Bank of America makes surprising pivot on interest rates

When the Federal Reserve goes to work, it's got to keep an eye on its dual mandate: maximum employment and price stability. The Fed helps manage the economy by influencing borrowing costs, adjusting overnight interest rates in an effort to maintain those goals of price stability and low joblessness.
On Dec. 18, the central bank announced its third and final interest rate cut of the year, reducing its benchmark Federal Funds Rate by 0.25 percentage points to between 4.25% and 4.5%.

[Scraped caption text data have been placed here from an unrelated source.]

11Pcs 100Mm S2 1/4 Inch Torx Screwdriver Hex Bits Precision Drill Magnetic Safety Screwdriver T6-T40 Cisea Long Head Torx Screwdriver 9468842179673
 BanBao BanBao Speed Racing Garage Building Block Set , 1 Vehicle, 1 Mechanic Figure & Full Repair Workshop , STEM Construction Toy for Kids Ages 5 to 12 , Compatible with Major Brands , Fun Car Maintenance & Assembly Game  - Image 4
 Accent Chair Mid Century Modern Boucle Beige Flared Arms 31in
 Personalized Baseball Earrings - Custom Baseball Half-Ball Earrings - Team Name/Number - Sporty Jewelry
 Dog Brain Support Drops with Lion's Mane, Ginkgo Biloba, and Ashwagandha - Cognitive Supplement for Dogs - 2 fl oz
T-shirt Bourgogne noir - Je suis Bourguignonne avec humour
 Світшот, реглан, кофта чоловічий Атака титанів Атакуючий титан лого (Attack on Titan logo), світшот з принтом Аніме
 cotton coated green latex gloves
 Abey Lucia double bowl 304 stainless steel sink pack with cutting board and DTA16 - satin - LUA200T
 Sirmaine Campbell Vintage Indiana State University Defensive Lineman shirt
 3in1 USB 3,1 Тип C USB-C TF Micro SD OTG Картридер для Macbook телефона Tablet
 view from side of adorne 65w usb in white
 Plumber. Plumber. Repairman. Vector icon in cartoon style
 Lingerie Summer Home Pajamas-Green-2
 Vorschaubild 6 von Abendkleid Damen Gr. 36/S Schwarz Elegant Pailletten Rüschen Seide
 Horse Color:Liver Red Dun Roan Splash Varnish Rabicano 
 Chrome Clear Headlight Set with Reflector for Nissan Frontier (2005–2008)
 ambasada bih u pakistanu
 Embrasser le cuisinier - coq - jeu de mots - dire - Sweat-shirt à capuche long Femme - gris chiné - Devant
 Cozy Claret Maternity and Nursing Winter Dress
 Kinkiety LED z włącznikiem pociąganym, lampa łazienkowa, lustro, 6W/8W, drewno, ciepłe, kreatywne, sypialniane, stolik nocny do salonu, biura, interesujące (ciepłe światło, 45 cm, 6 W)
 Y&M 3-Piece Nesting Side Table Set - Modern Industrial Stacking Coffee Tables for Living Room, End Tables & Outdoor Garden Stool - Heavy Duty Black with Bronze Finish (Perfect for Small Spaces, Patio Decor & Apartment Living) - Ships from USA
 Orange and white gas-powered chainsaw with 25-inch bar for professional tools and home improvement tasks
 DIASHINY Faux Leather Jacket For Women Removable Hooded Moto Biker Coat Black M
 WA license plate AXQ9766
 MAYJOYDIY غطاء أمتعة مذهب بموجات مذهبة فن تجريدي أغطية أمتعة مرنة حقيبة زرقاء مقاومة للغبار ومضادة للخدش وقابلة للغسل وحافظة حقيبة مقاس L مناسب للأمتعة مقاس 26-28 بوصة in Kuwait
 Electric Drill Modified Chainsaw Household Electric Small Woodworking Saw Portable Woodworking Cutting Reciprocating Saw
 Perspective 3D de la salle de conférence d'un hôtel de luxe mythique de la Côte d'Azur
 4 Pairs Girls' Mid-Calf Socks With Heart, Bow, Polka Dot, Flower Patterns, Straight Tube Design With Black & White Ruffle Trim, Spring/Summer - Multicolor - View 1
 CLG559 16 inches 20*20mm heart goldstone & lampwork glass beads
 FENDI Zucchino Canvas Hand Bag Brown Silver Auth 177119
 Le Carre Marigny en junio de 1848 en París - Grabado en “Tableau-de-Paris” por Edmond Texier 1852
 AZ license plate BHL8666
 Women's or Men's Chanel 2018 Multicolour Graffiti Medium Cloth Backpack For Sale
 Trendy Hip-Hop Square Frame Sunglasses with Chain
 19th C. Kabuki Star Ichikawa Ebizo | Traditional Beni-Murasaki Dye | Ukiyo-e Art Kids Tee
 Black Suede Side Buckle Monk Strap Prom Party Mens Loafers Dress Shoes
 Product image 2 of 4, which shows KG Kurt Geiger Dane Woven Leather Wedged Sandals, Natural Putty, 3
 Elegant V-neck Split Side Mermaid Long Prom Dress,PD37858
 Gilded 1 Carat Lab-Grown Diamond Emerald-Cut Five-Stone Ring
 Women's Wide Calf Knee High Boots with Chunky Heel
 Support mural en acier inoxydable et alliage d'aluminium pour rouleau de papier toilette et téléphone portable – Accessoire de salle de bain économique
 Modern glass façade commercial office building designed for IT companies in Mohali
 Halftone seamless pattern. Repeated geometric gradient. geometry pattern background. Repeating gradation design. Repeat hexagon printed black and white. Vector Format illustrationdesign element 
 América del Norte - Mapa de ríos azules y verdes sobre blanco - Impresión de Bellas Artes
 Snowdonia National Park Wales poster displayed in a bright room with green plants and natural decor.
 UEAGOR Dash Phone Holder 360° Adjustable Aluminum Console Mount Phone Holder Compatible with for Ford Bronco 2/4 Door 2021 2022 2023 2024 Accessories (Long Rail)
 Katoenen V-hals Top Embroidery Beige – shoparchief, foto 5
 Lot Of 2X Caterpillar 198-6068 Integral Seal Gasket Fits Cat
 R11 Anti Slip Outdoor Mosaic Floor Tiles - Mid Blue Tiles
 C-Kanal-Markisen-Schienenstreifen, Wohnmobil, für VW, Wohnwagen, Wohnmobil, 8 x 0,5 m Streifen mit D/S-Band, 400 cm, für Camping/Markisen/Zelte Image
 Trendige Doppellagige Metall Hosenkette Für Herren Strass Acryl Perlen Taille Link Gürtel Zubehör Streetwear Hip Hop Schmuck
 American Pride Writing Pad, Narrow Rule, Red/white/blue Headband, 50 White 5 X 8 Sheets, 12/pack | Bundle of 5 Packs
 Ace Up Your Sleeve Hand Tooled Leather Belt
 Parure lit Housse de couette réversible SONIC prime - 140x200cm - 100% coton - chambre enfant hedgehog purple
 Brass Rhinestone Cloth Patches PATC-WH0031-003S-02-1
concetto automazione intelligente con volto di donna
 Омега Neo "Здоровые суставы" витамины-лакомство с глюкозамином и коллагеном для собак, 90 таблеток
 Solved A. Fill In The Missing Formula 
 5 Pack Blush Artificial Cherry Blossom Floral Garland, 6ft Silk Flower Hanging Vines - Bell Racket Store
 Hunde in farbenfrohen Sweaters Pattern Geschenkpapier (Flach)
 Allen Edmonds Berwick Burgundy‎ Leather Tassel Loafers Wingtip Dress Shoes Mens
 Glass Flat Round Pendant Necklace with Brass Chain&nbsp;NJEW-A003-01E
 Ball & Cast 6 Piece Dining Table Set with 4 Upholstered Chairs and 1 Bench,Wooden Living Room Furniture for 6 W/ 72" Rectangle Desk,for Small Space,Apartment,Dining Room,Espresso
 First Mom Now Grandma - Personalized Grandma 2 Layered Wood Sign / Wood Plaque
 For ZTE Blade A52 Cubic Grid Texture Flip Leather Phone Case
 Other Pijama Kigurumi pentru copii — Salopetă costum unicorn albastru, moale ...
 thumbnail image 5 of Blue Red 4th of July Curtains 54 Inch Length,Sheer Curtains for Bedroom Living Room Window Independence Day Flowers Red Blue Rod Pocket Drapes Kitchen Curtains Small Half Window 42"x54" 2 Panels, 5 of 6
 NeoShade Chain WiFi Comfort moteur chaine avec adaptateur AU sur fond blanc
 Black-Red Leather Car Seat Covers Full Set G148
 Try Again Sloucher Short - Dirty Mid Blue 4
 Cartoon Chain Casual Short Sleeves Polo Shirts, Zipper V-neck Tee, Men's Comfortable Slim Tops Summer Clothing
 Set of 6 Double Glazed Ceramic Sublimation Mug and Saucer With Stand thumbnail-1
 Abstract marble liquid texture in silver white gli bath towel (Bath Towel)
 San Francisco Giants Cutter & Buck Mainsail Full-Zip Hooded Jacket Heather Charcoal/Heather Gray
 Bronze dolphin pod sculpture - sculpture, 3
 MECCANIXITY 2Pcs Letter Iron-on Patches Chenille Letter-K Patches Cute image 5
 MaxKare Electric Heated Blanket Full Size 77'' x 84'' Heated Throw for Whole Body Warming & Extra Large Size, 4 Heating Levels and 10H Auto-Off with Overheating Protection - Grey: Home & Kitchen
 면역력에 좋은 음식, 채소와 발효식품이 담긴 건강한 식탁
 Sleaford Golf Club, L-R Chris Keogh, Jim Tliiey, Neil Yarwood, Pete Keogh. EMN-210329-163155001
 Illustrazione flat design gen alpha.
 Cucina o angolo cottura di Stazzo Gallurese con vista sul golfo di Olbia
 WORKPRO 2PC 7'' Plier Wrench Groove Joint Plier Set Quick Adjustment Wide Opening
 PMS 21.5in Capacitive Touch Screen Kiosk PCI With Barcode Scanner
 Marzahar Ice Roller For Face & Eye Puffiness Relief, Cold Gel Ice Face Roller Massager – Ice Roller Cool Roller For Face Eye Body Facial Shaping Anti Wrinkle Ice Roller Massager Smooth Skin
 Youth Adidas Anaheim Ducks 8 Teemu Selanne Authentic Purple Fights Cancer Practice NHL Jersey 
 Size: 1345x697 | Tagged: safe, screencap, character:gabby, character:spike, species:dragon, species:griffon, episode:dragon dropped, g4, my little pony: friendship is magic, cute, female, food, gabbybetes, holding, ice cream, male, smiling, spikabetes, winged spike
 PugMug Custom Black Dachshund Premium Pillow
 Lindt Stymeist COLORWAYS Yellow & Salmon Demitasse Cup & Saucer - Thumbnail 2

Many factors go into Fed rate decisions. Coming up on Jan. 14, we've got the Producer Price Index of wholesale inflation, and the following day comes the December Consumer Price Index.The CPI is a widely used inflation benchmark, gauging the level of price pressures in the world's biggest economy and the way they influence consumer and investor behavior. The Fed prefers the Personal Consumption Expenditures Index, which adjusts for changes in consumer spending patterns, to help formulate monetary policy. That report is due Jan. 31.
“Inflation reports will dominate this week's economic calendar,” said Bill Adams, chief economist for Comerica Bank. "Driven by high energy prices, the Consumer Price Index probably accelerated on a monthly and annual basis in December, while core CPI likely matched November's pace.”
High energy prices likely pushed up producer prices as well, and the New York Fed will probably report year-ahead household inflation expectations rose last month, he added. A similar reading from the University of Michigan's benchmark consumer sentiment survey, published last week, showed the highest year-ahead levels for inflation expectations since 2008.
Board members speak out
Last week, the Bureau of Labor Statistics said 256,000 new jobs were created in December, well ahead of Wall Street's 164,000 forecast and the downwardly revised 212,000 reading from November.
David Doyle, head of economics at Macquarie, said the employment report “was robust and supportive of our team's view for stabilization in the labor market in 2025.”